Among the entries below, only the lines from the one with "NETTO Kaba Getränkepulver" through the one with "おしゃれな 現代の カスタマイズ可能な" are to be retyped, exactly and without pictures.

**Provided records**
= = =

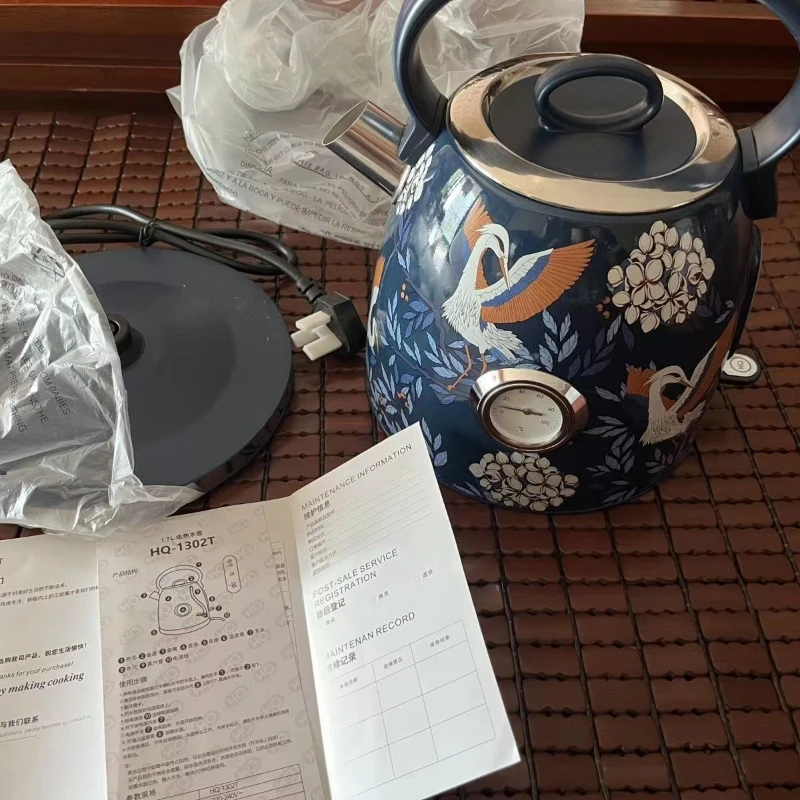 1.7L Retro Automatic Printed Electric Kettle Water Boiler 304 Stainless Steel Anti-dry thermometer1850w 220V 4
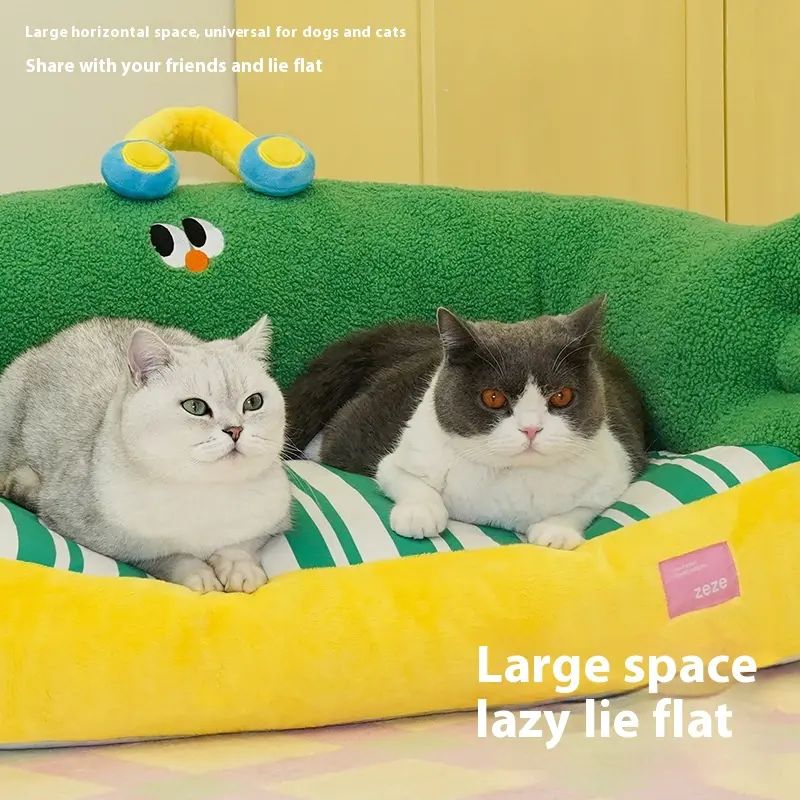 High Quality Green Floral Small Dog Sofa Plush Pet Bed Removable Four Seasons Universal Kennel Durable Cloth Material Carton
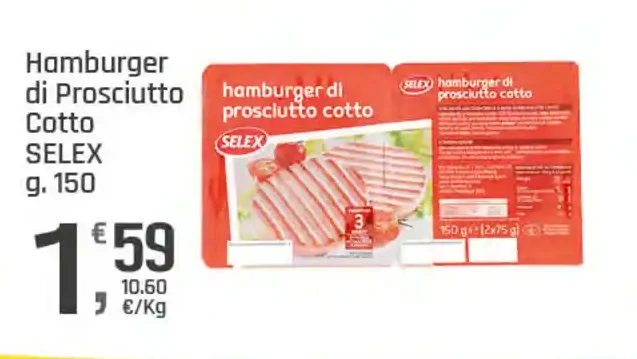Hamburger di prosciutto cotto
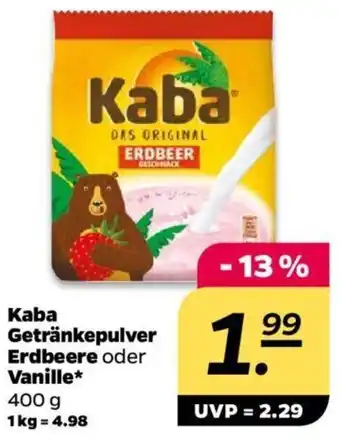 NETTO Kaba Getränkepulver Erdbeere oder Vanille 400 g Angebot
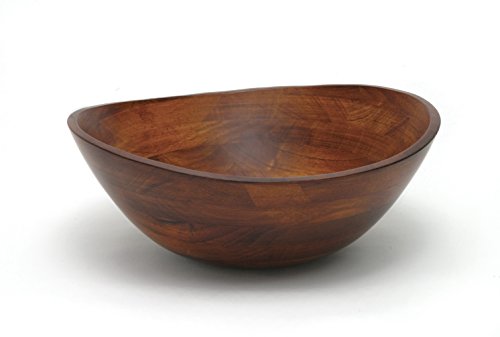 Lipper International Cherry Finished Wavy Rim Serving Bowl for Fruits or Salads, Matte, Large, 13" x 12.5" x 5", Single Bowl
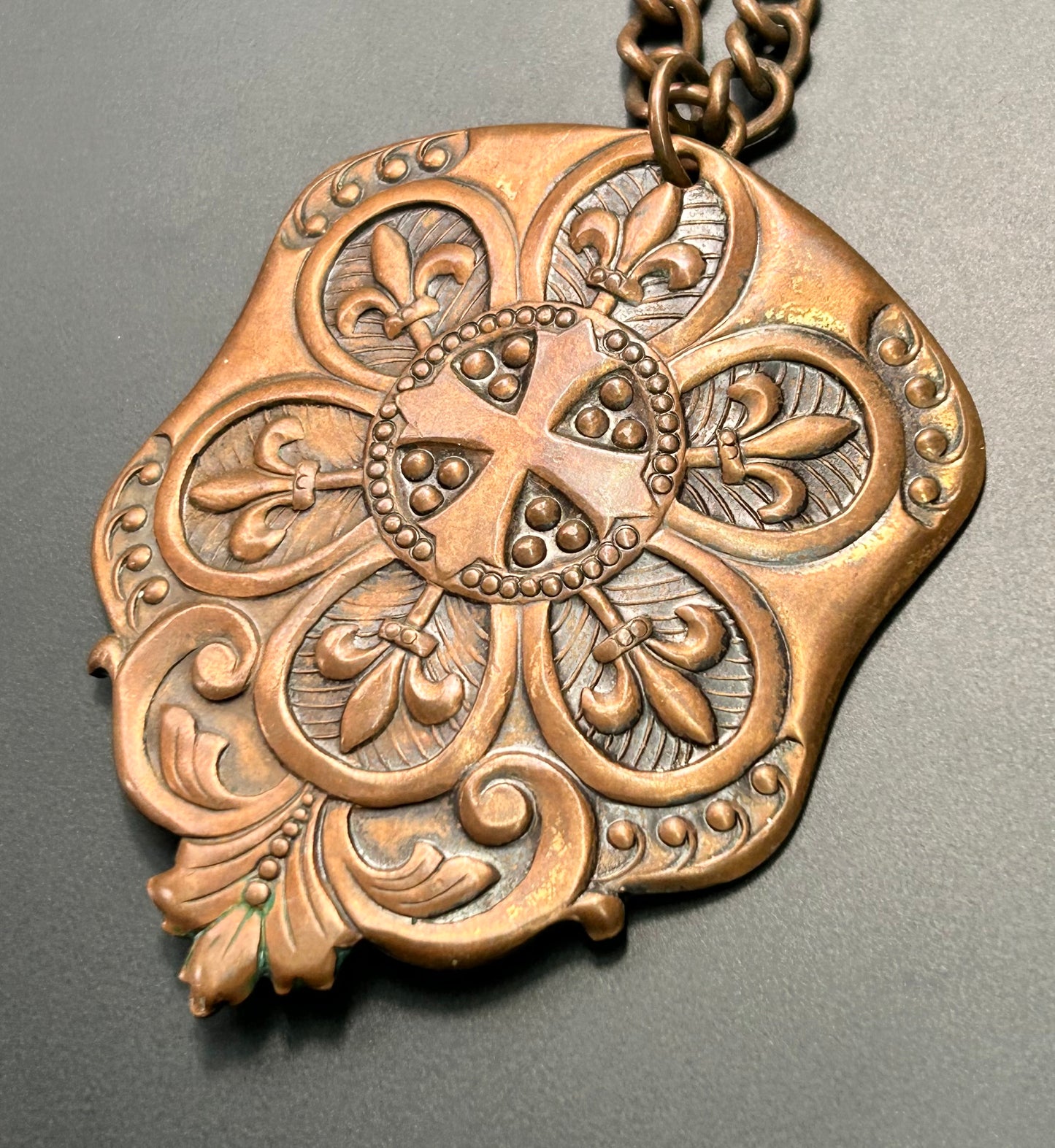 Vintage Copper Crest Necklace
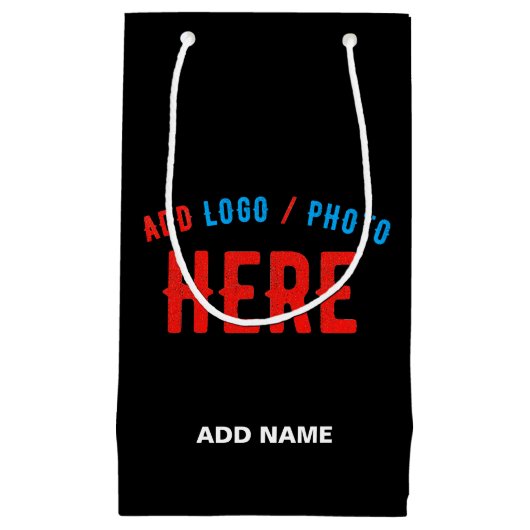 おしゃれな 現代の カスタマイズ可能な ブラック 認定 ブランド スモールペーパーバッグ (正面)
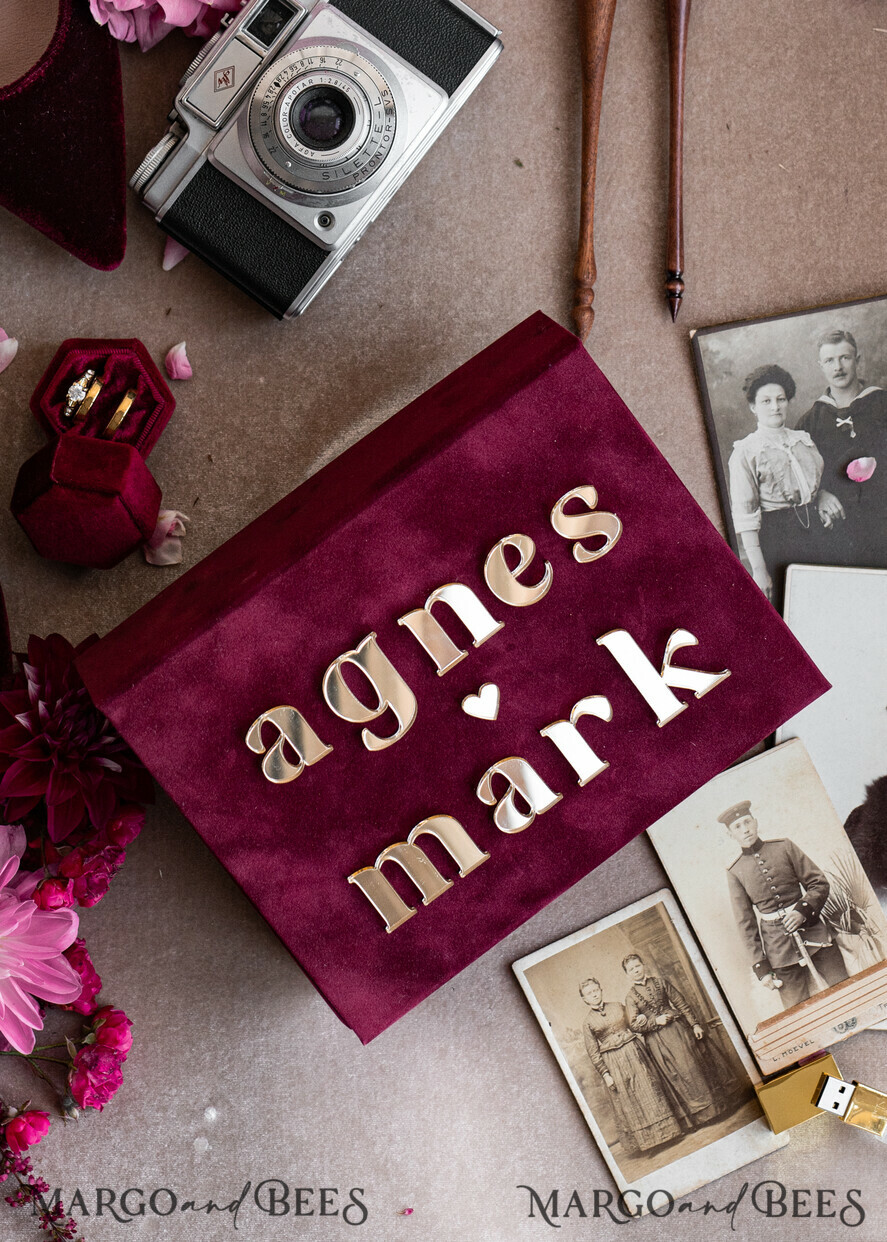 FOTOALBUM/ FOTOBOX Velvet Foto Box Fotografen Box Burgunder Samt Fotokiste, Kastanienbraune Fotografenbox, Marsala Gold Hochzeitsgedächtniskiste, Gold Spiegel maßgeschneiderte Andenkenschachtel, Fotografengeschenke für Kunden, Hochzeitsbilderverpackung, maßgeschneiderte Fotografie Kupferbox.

= = =

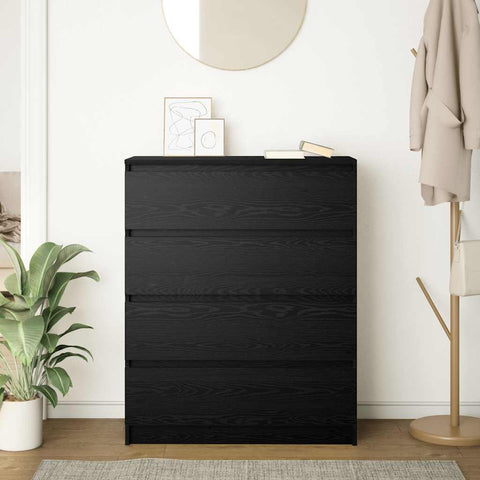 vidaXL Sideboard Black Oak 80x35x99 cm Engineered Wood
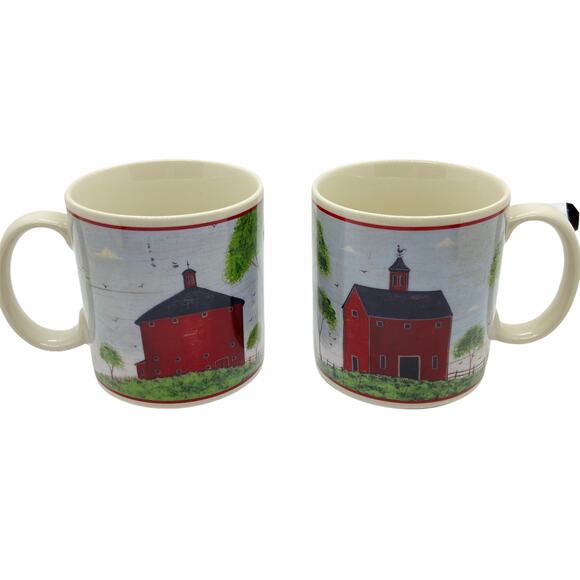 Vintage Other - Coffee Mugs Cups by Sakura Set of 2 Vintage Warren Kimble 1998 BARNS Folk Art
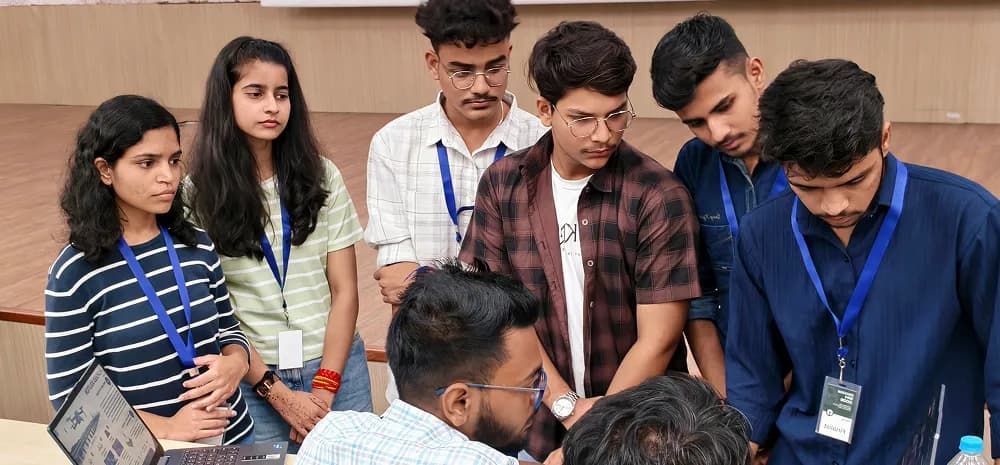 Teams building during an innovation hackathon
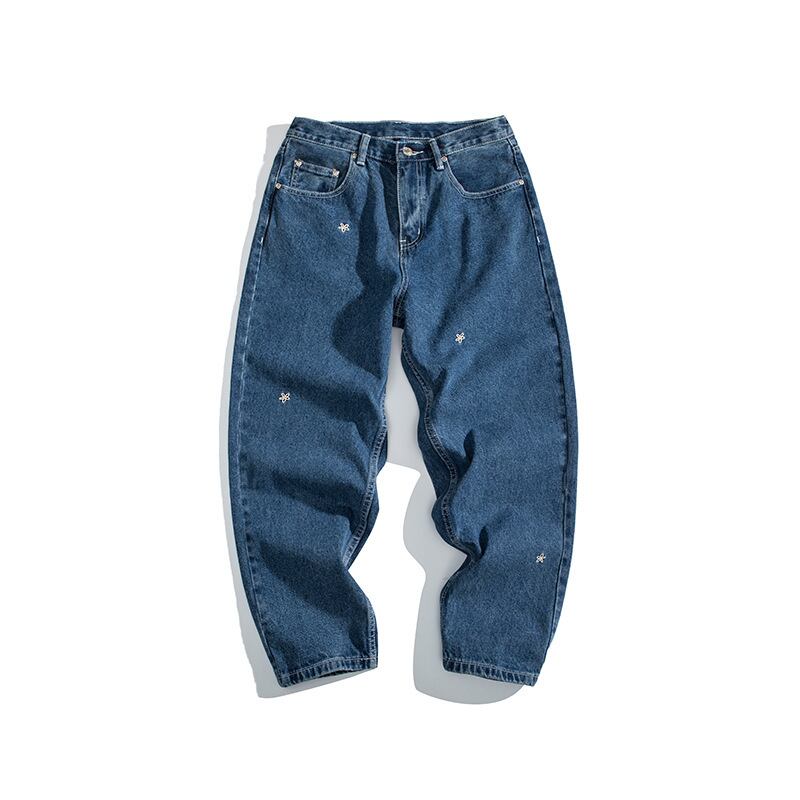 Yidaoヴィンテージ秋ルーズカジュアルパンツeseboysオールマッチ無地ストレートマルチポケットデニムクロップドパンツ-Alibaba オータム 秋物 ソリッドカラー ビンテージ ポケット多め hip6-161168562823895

= = =

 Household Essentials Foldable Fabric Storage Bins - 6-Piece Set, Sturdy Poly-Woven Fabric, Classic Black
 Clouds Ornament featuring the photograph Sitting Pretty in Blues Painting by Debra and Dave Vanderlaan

= = =

**Task solution**
 NETTO Kaba Getränkepulver Erdbeere oder Vanille 400 g Angebot
 Lipper International Cherry Finished Wavy Rim Serving Bowl for Fruits or Salads, Matte, Large, 13" x 12.5" x 5", Single Bowl
 Vintage Copper Crest Necklace
 おしゃれな 現代の カスタマイズ可能な ブラック 認定 ブランド スモールペーパーバッグ (正面)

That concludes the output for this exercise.